Excerpted records Block Start

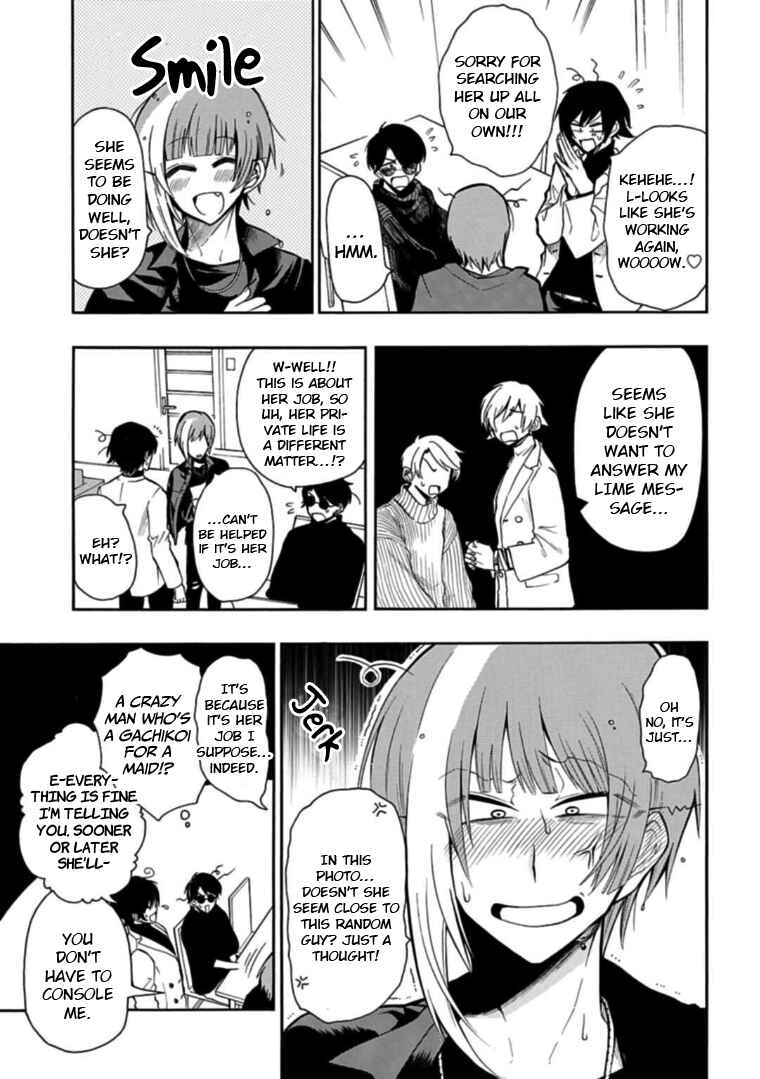 Page 5 Chapter 32 Gachi Koi Nenchakujuu ~Net Haishinsha no Kanojo ni naritakute~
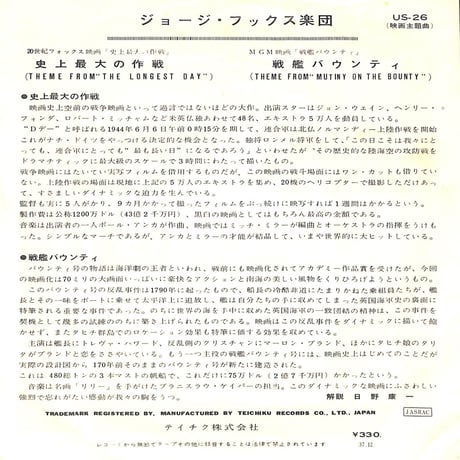 ジョージ・フックス楽団 / 史上最大の作戦/戦艦バウンティ［※日本盤 品番:US-26］(7inchシングル)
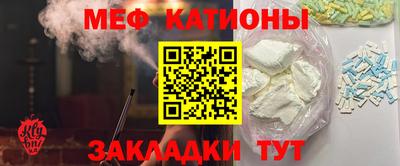 шишки Бугуруслан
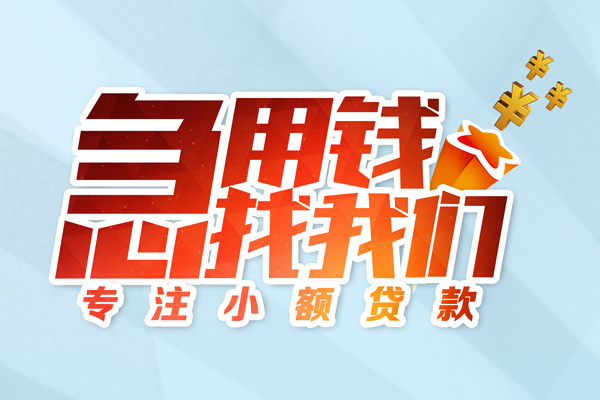 成都信用身份证抵押贷款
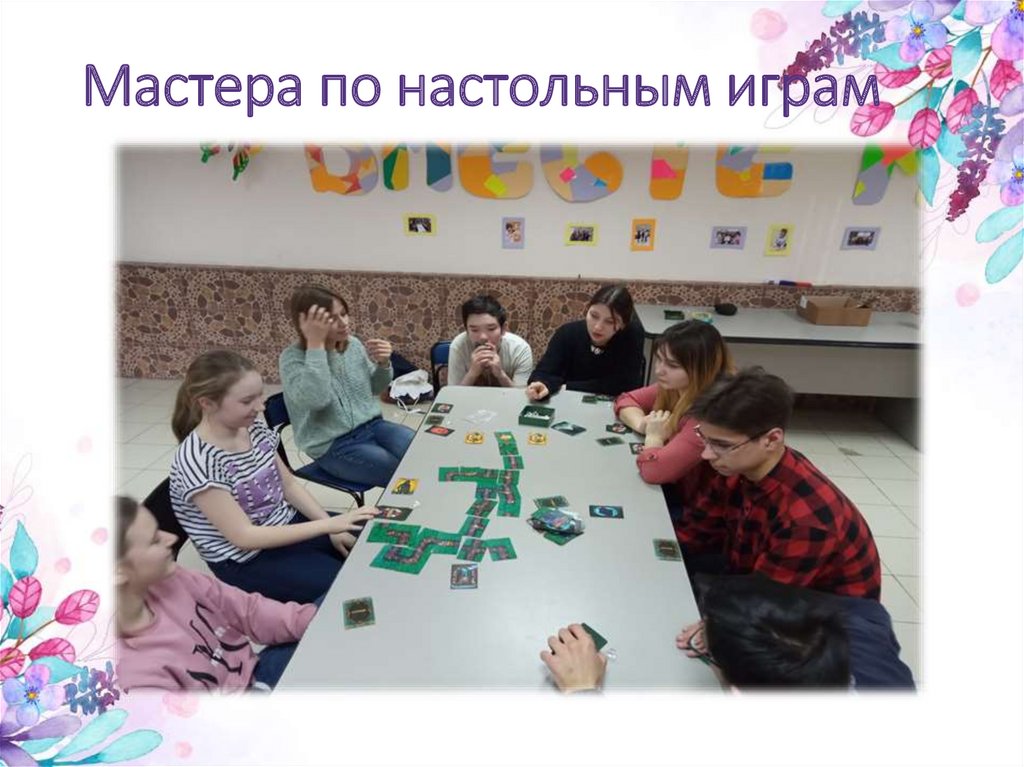 Мастера по настольным играм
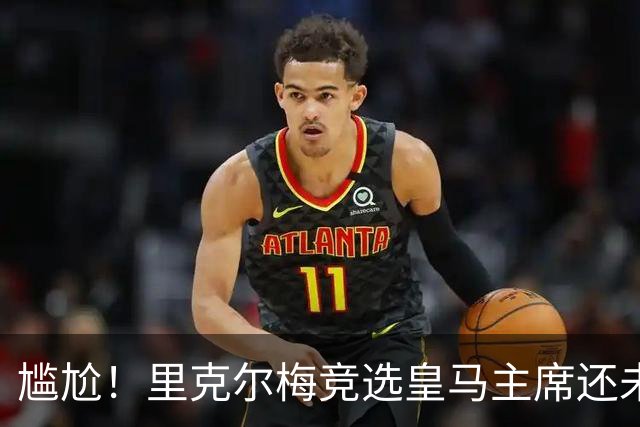 尴尬！里克尔梅竞选皇马主席还未成功，已被曼城通告采取法律措施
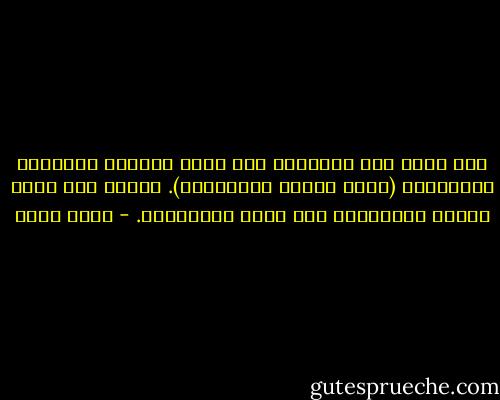 كان جمال عبد الناصر، كما وصفه الشاعر العراقي الجواهري (عظيم المجد والأخطاء). ولأنه كان عظيم المجد والأخطاء فقد أغضب الكثيرين. - جلال أمين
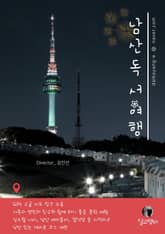 남산독서여행 표지 이미지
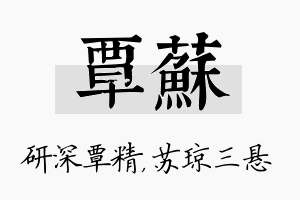 覃苏名字的寓意及含义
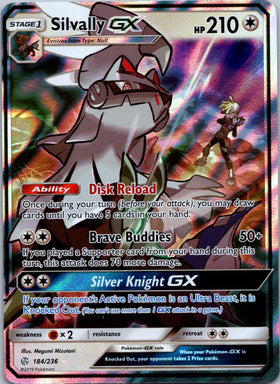 Silvally GX [184/236] [Cosmic Eclipse] Holofoil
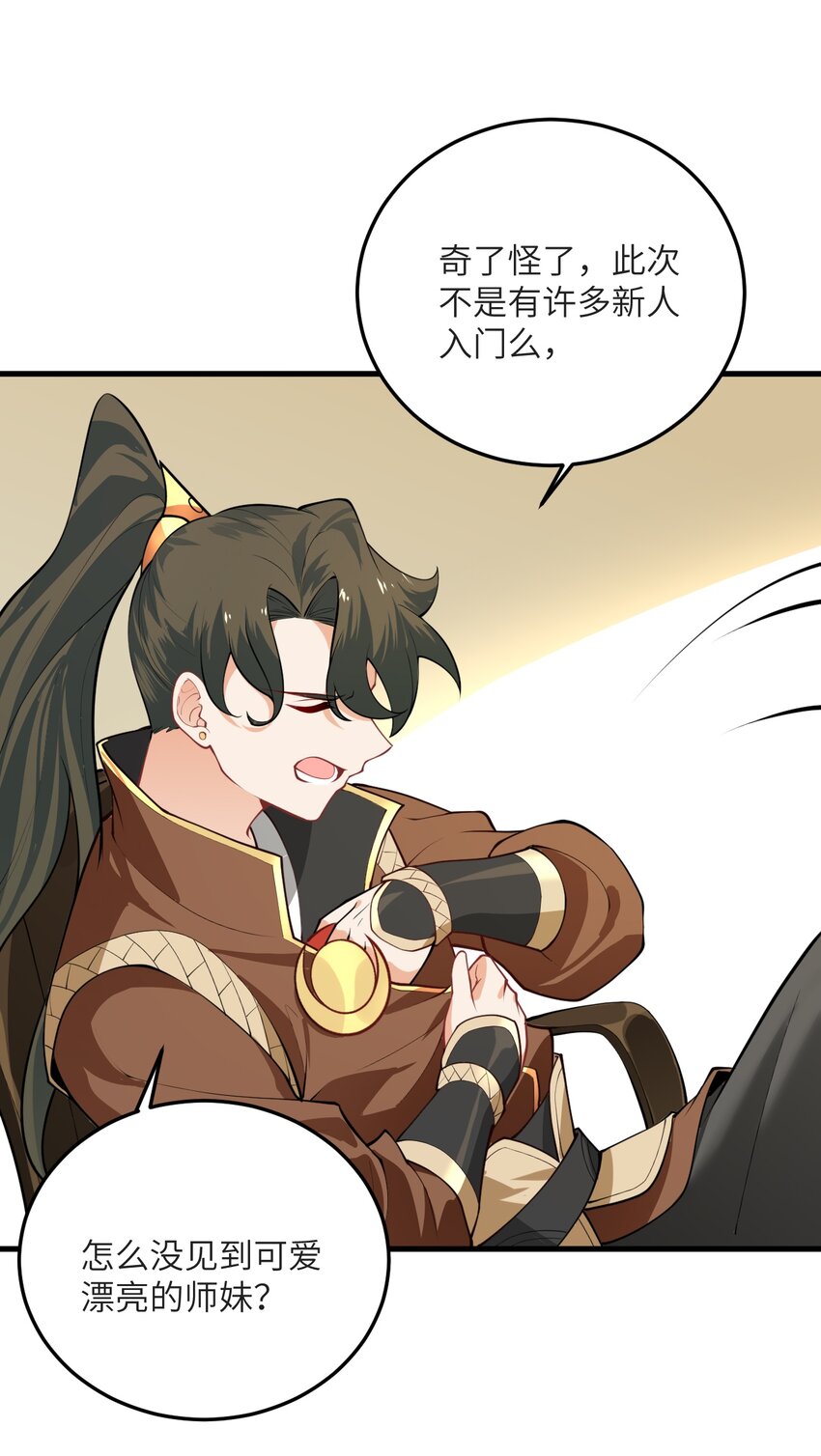 013 不就是打个架么22
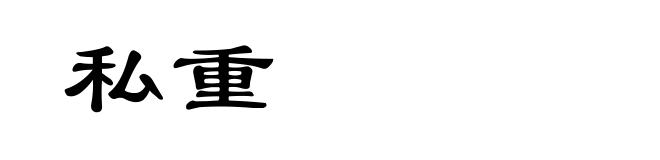 私重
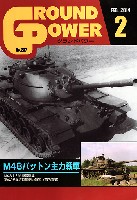 ガリレオ出版 月刊 グランドパワー グランドパワー 2014年2月号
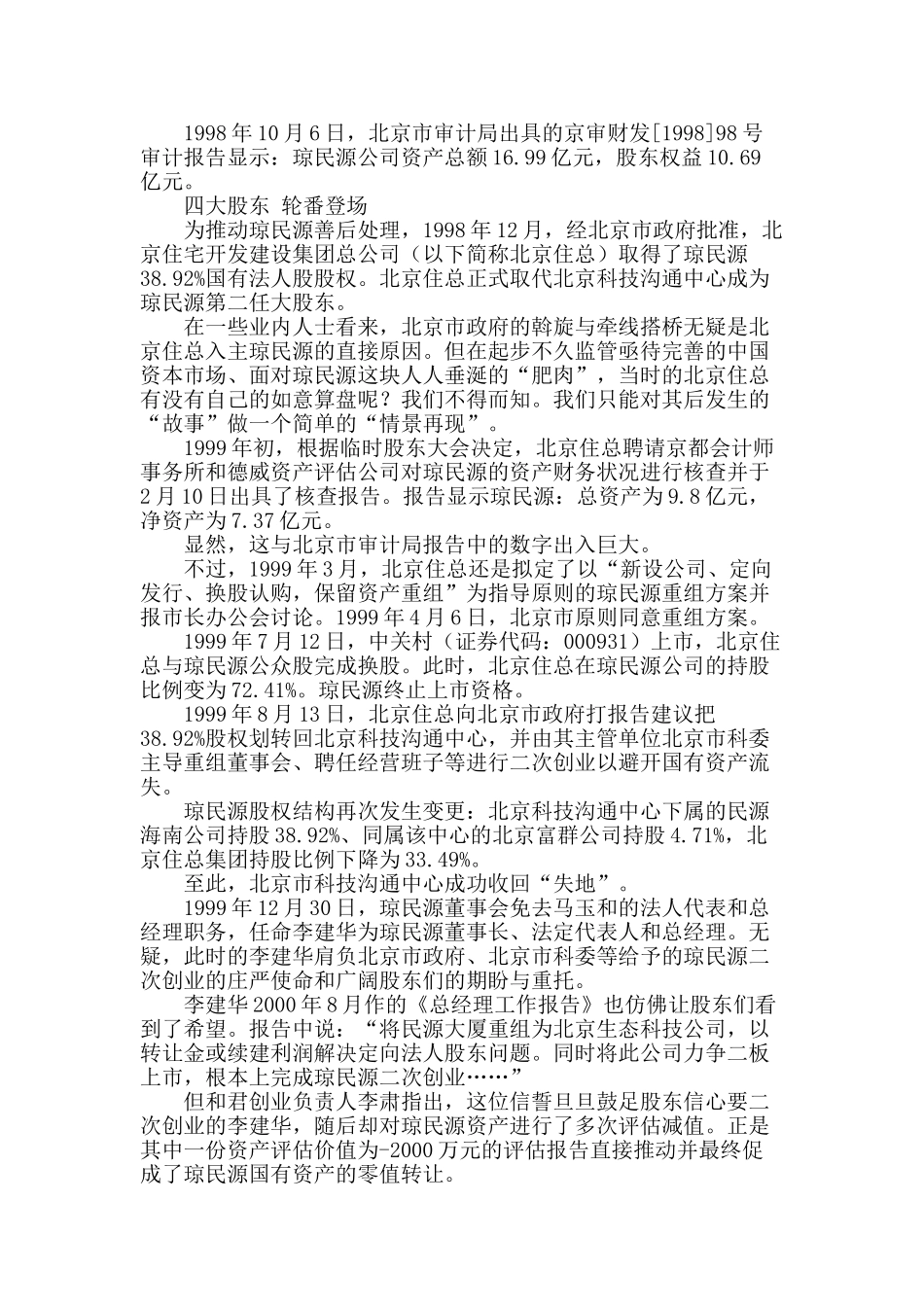 从“股市黑马”到“公司僵尸”_第2页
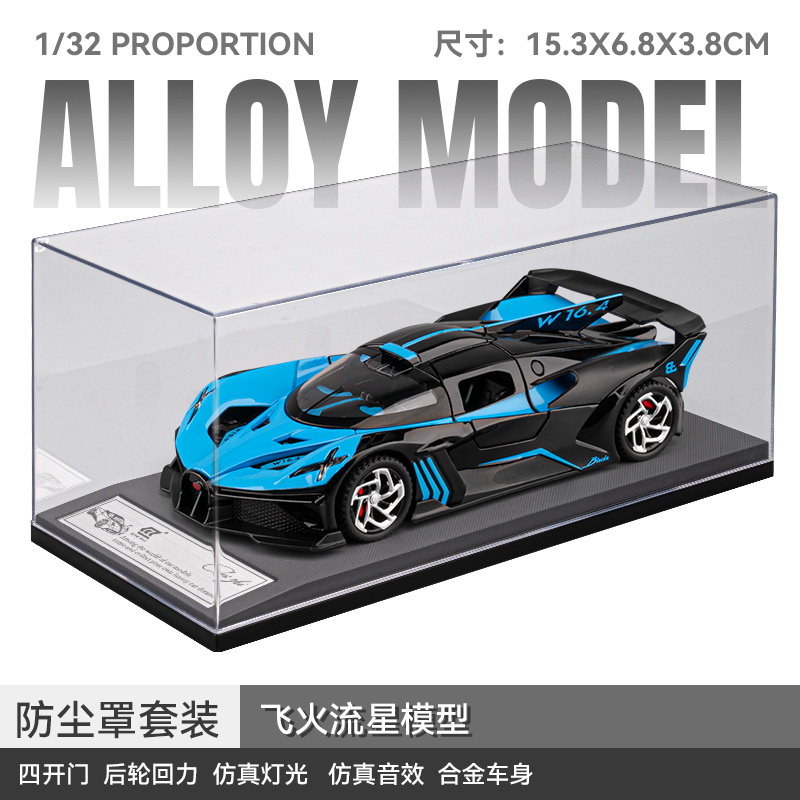 【布加迪DIVO】1:32布加迪DIVO合金汽车模型声光回力功能精致潮摆件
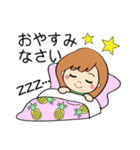 毎日使えるハワイアンガールの挨拶スタンプ（個別スタンプ：20）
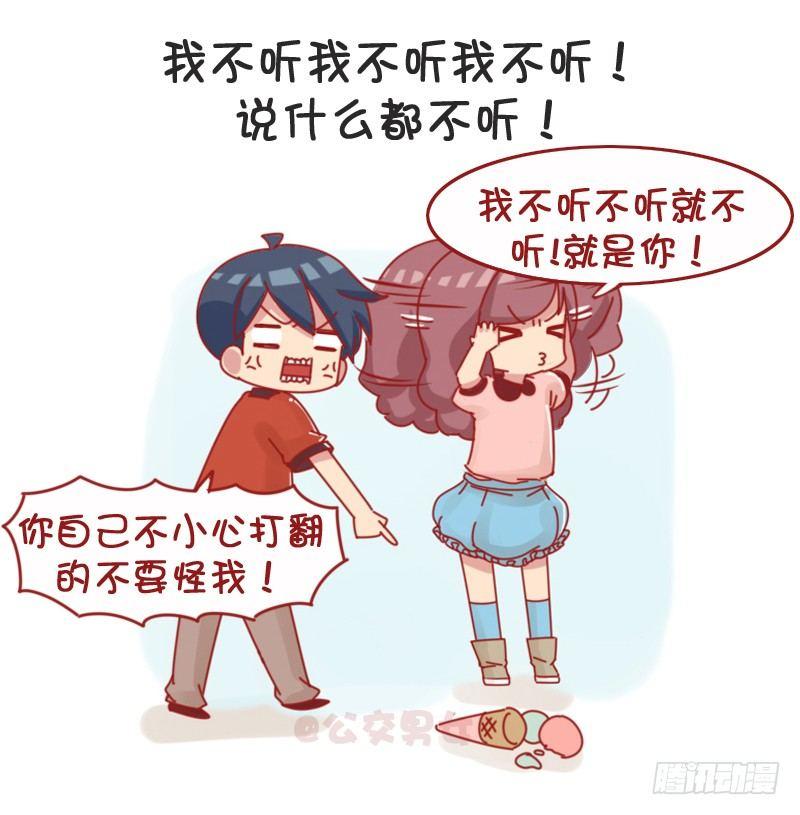 公交男女爆笑漫画 - 1066-吵架吵不过别人怎么办 - 1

Excerpted records Block End

- [Problem to work on]:
Beginning with the line that contains "毎日使えるハワイアンガールの挨拶スタンプ（個別スタンプ：20）" and ending with the last line of the data above, output those lines exactly and nothing more, without any pictures.

- [Output below]:
 毎日使えるハワイアンガールの挨拶スタンプ（個別スタンプ：20）
 公交男女爆笑漫画 - 1066-吵架吵不过别人怎么办 - 1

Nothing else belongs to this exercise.